• [PROBLEM DESCRIPTION] Exclude every picture. Output verbatim the lines from the one containing "曼谷娜娜酒吧街哪家店比较好,曼谷酒吧街在哪个区" to the end of the data.

• [DATASET CONTENT]
<<<<

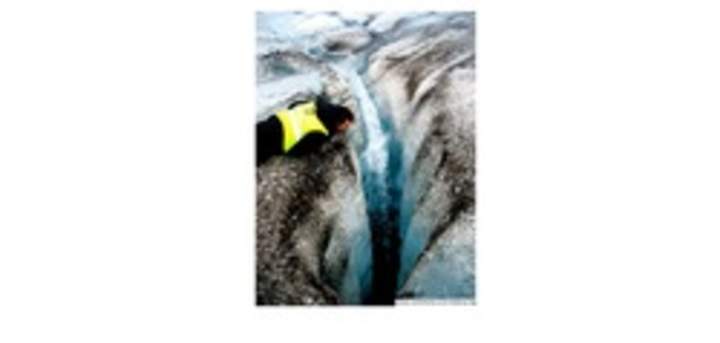 Grieta en un glaciar Grieta en un glaciar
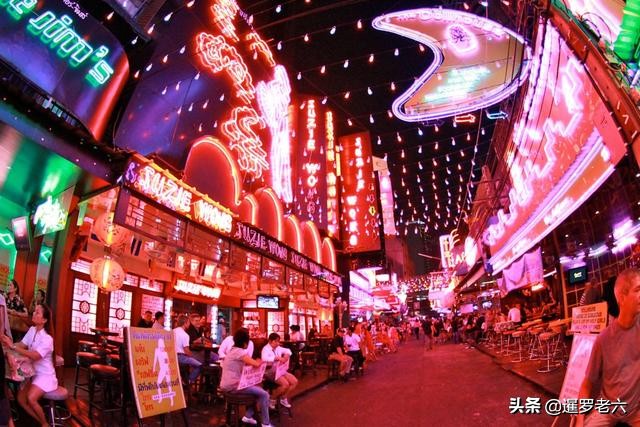 曼谷娜娜酒吧街哪家店比较好,曼谷酒吧街在哪个区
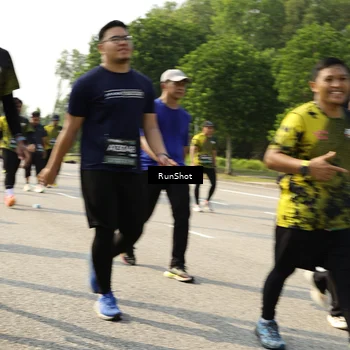 Runner Photo 6987206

>>>>

• [ANSWER TO THIS TASK]
 曼谷娜娜酒吧街哪家店比较好,曼谷酒吧街在哪个区
 Runner Photo 6987206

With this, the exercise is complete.